Le problème est que ces positions prennent en otage des majorités qui ne partagent absolument pas les positions extrémistes des plus intransigeants. La plupart des Belges, Flamands compris, préféreraient sans doute avoir un gouvernement, la majorité des Américains, Républicains compris, aimeraient certainement voir relever le plafond de la dette, fut-ce au prix d'une augmentation des impôts des plus riches. Et qu'elles peuvent se heurter à l'intransigeance d'un adversaire qui en a assez de reculer.
Ce qui frappe aux Etats-Unis comme en Belgique, c'est le refus de quelques uns d'accepter tout compromis et donc de jouer les règles classiques du jeu politique. Et l'on peut se poser à leur propos deux questions :
- pourquoi sont-ils si intransigeants?
- comment sont-ils arrivés à occuper des positions qui leur permettent de prendre en otage tout un pays?
La presse américaine a expliqué que les nouveaux élus américains qui refusent de voter tout compromis sur la dette ne se souciaient pas de leur réélection, que leurs principes passaient avant tout.

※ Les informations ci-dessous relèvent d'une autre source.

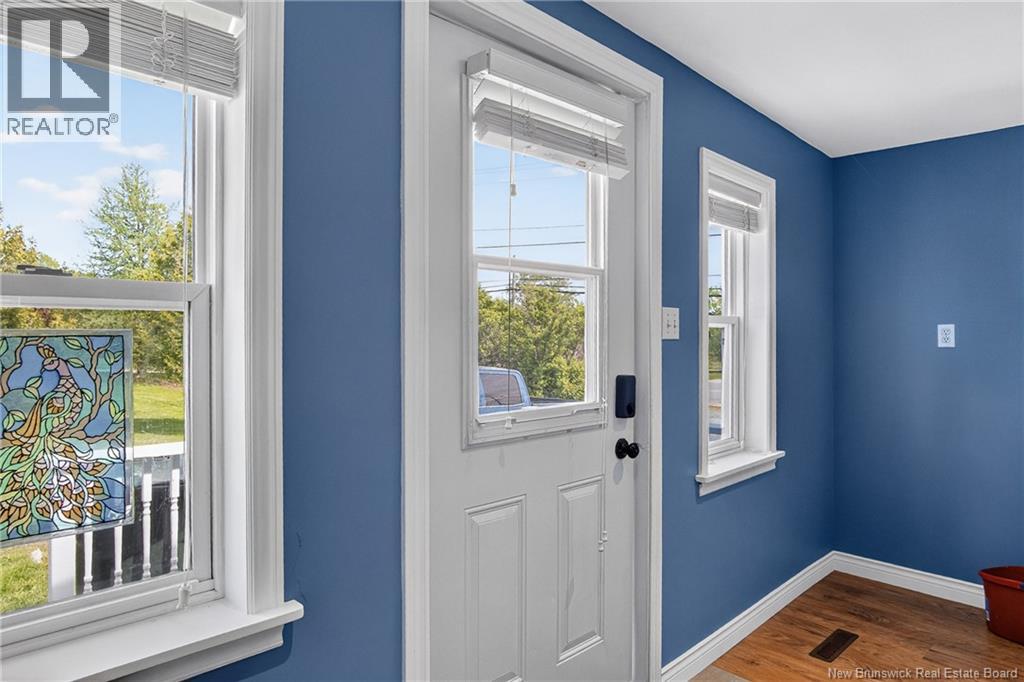 2181 Loch Lomond Road - 36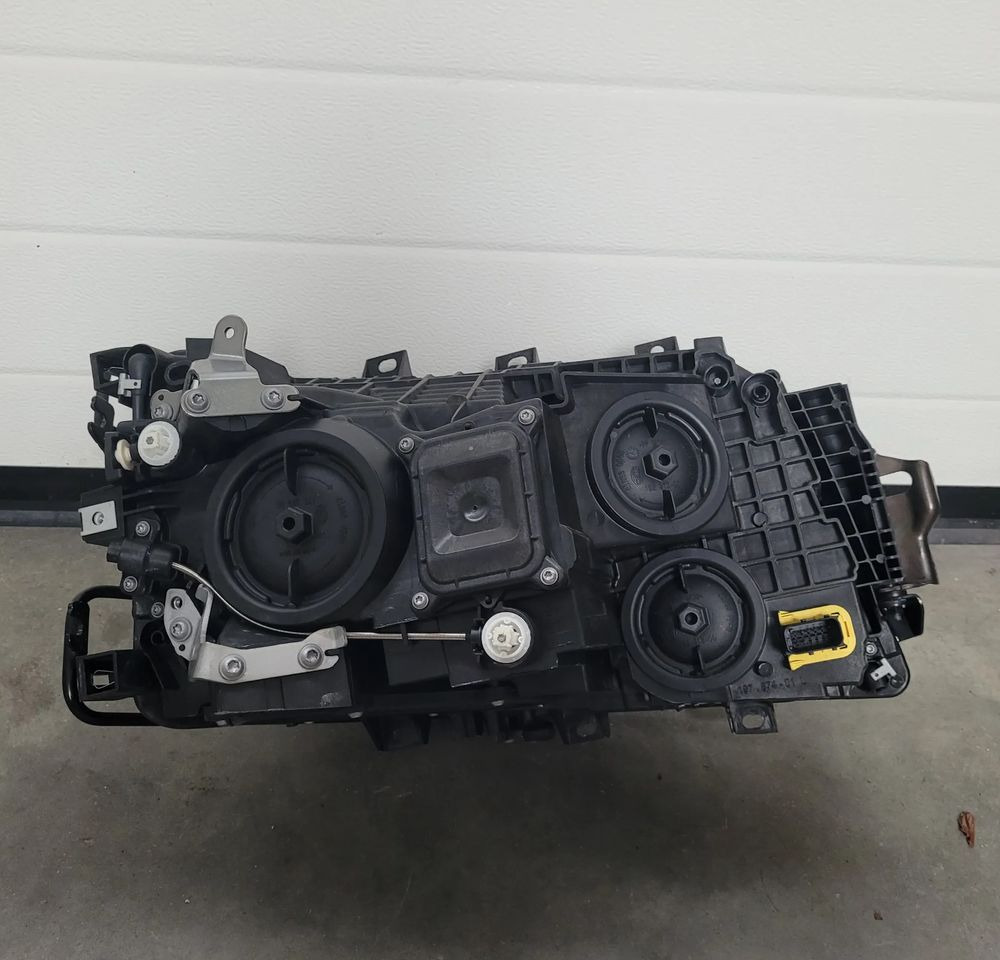LAMPA ROBOCZA SCANIA RS NM.26743388 ORYGINAŁ CHWALIM116 - Svetlo/ Osvetlenia pre Nákladné auto: obrázok 2 LAMPA ROBOCZA SCANIA RS NM.26743388 ORYGINAŁ CHWALIM116 - Svetlo/ Osvetlenia pre Nákladné auto: obrázok 2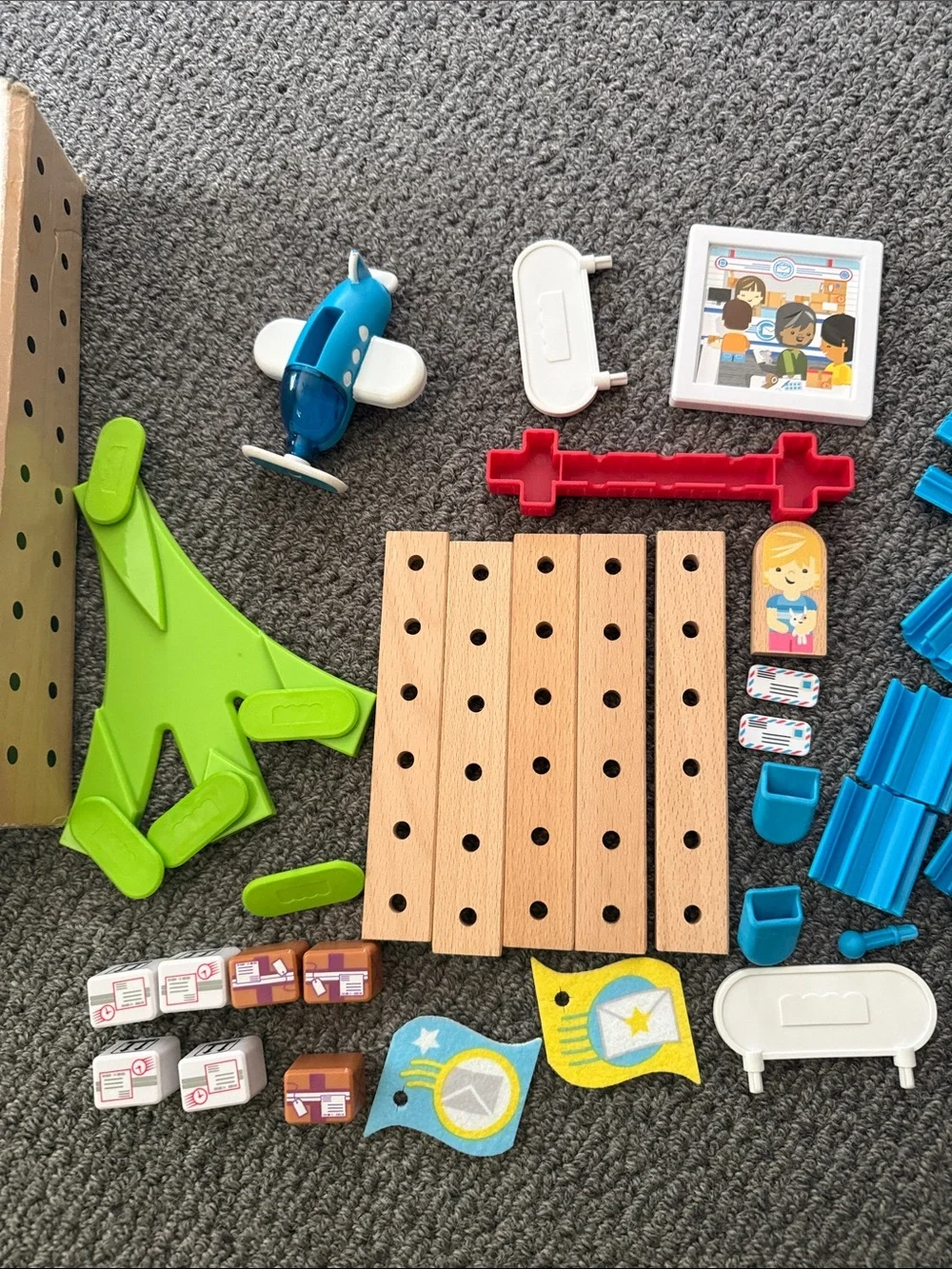Fisher-Price Wonder Makers Design System special Delivery Depot *incomplete*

Dans le cas des Flamands, on peut imaginer que l'absence de gouvernement fait la démonstration que la Belgique est ingouvernable et qu'il faut donc procéder à une partition. Dans d'autres cas, l'intransigeance est le fait d'une contrainte que le décideur se donne, un peu à l'image d'Ulysse se faisant attacher au mât de son bateau pour ne pas céder aux chants des sirènes.
Encore faut-il pouvoir tenir ces positions. Etre inflexible ne va pas de soi quand on est au gouvernement. Surtout dans un régime démocratique. On a beaucoup dit, ces derniers temps, qu'Angela Merkel ne voulait rien céder sur la dette grecque. Elle a fini par le faire parce que ses soutiens, en Allemagne même commençaient à s'effriter. A contrario, Hitler avait pu, en son temps, se montrer intraitable à Munich parce qu'il savait bien que le régime policier qu'il avait installé en Allemagne interdisait toute contestation intérieure : ses adversaires, français et britanniques, ne risquaient pas de trouver des alliés ou des relais en Allemagne. Ceux qui auraient pu affaiblir la position du Fürher étaient en camps de concentration.

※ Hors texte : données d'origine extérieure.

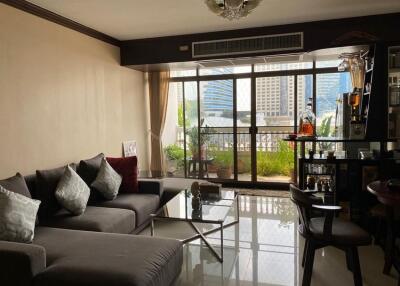 Grand Ville House 2  3 Bedroom Asoke Condo For Sale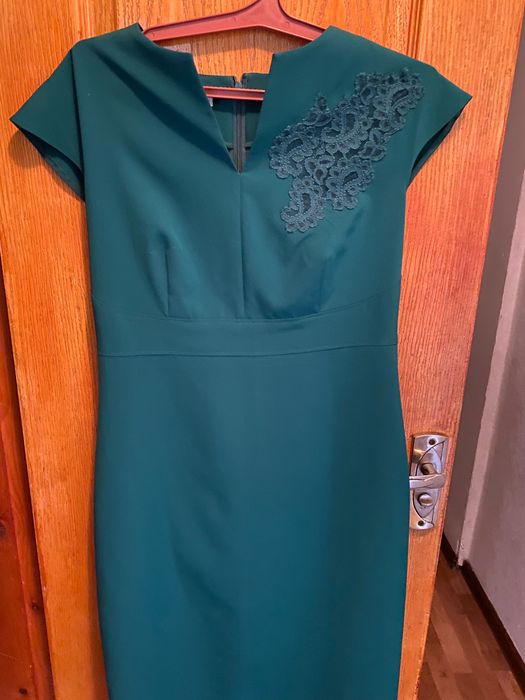 Нарядное женское платье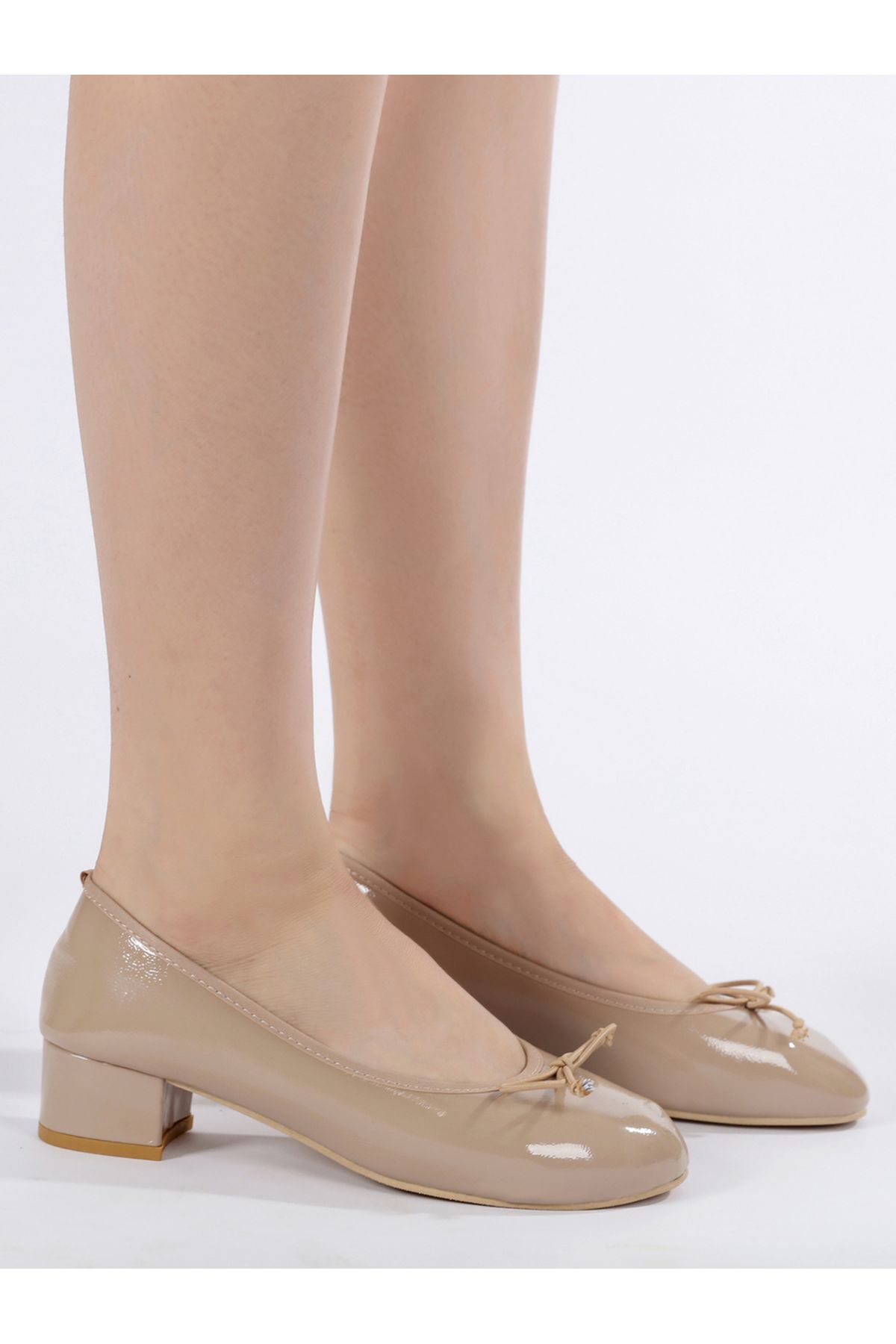 Sneak-a-Peek By Styli-Patent Round Toe Block Heel Shoes 2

La position des Flamands et des extrémistes républicains qui sont dans l'opposition est plus simple : ils n'ont pas à se soucier de l'opinion de leurs adversaires.
Mais comment en sont-ils venus à occuper ces positions stratégiques? Je ne sais pas s'il y a là-dessus de la littérature. Si elle existe, je ne la connais pas, mais on peut imaginer que leur intransigeance est ce qui leur a permis d'accéder à la position qu'ils occupent aujourd'hui. Le compromis, à la base de la vie politique dans les régimes démocratiques, peut facilement être confondu avec des compromissions.
Dans des situations de crise où chacun souffre, il est facile d'expliquer à ses électeurs que c'est aux autres de payer et de faire des efforts surtout lorsque l'on peut espérer attribuer à son adversaire les conséquences d'un blocage des institutions. L'intransigeance peut séduire en période de crise, lorsque l'on a déjà beaucoup donné et que l'on a le sentiment d'avoir donné plus que les autres : s'ils sont dans la difficulté, disent d'une même voix tea party, populistes allemands et extrémistes flamands, parlant des pauvres, pour les uns, des grecs pour les autres, des wallons pour les derniers, ils n'ont qu'à s'en prendre qu'à eux-mêmes. Sans doute, mais à ce petit jeu, il n'y a que des perdants.